I am a Business Opportunity Manager in Shell’s growing New Energies business. I head up wind development where we focus primarily on offshore wind technology.

Though wind technology has been around for a long time, we are still exploring ways to make it economically and financially viable. My job is to understand the best way of operating, designing and deploying such technology, while also ensuring that it’s commercially attractive.

It’s a complex process with many elements to take into consideration. But it’s a part of Shell I’m proud to be involved with.

I studied petroleum engineering and geophysics at university and was the only woman in a class of 80 students. The landscape has definitely changed during my time in the industry.

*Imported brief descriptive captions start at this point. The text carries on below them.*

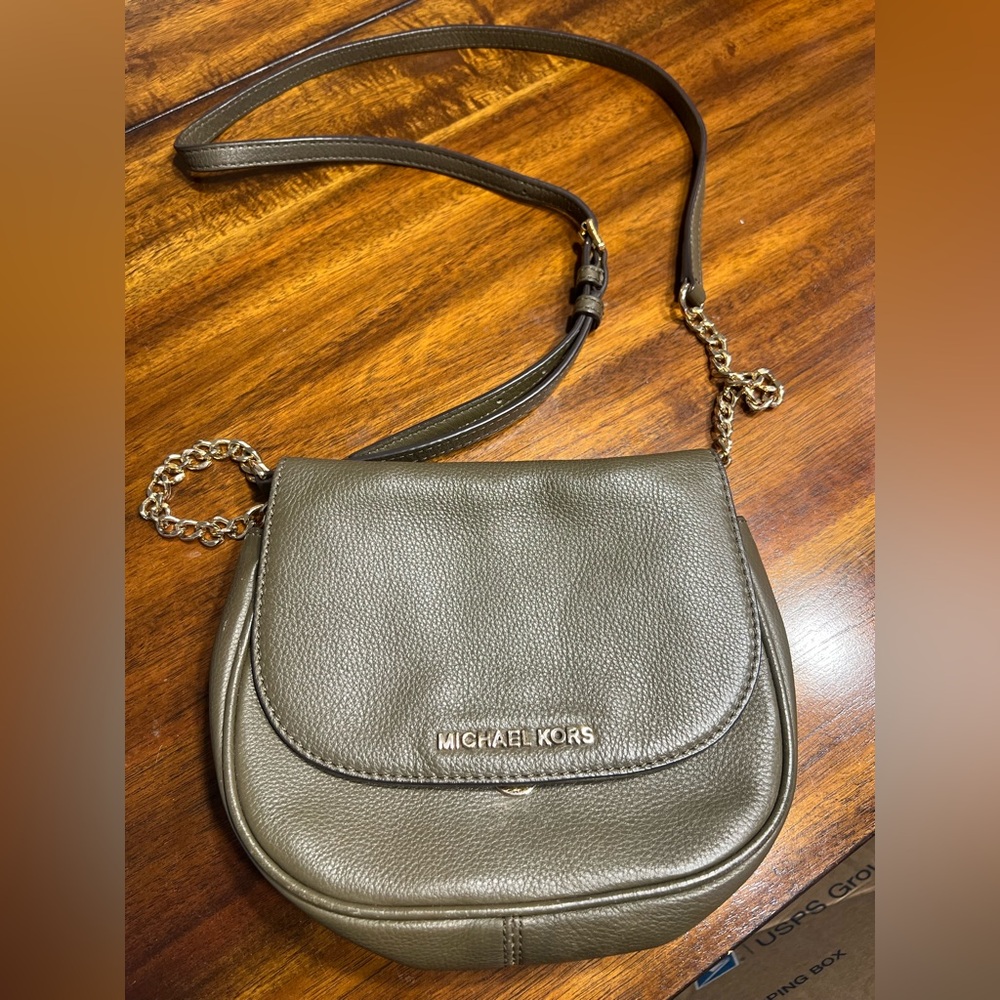 Michael Kors Jet Set Charm Saffiano Leather Crossbody Bag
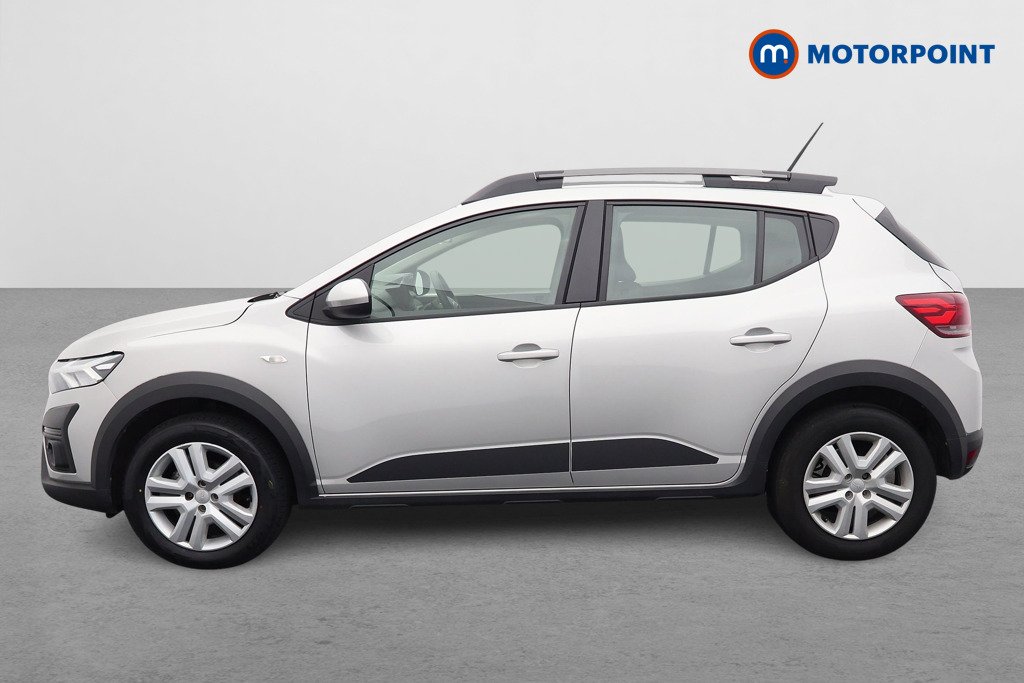 Dacia Sandero Stepway Expression Manual Petrol Hatchback - Stock Number (1546985) - Passenger side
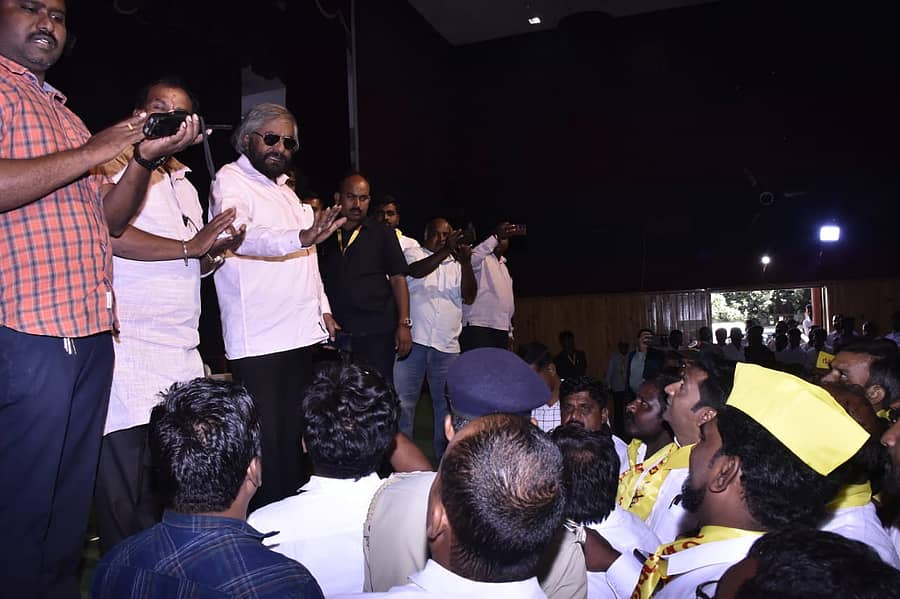 <div class="paragraphs"><p>ಬೀದರ್ ನಗರದಲ್ಲಿ ಪ್ರತಿಭಟನಕಾರರನ್ನು ಸಚಿವ ಈಶ್ವರ ಖಂಡ್ರೆ ಸಮಾಧಾನಪಡಿಸಿದರು</p></div>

There’s far more gender equality now, largely because companies like Shell prioritise diversity and inclusion. The industry’s objectives have also evolved: fossil fuels once dominated energy production and now renewables are gaining traction.

Shell is committed to investing in lower-carbon technologies that are commercially viable, and I’m tasked with providing research that informs the company where it should concentrate its efforts.

Looking forward, I think we will start to put more emphasis on utilising digitalisation, modelling, and other methods that will enhance our ability to make robust and accurate predictions about the future of low-carbon technology.

We want to eliminate speculation wherever possible so we can be more confident in our findings.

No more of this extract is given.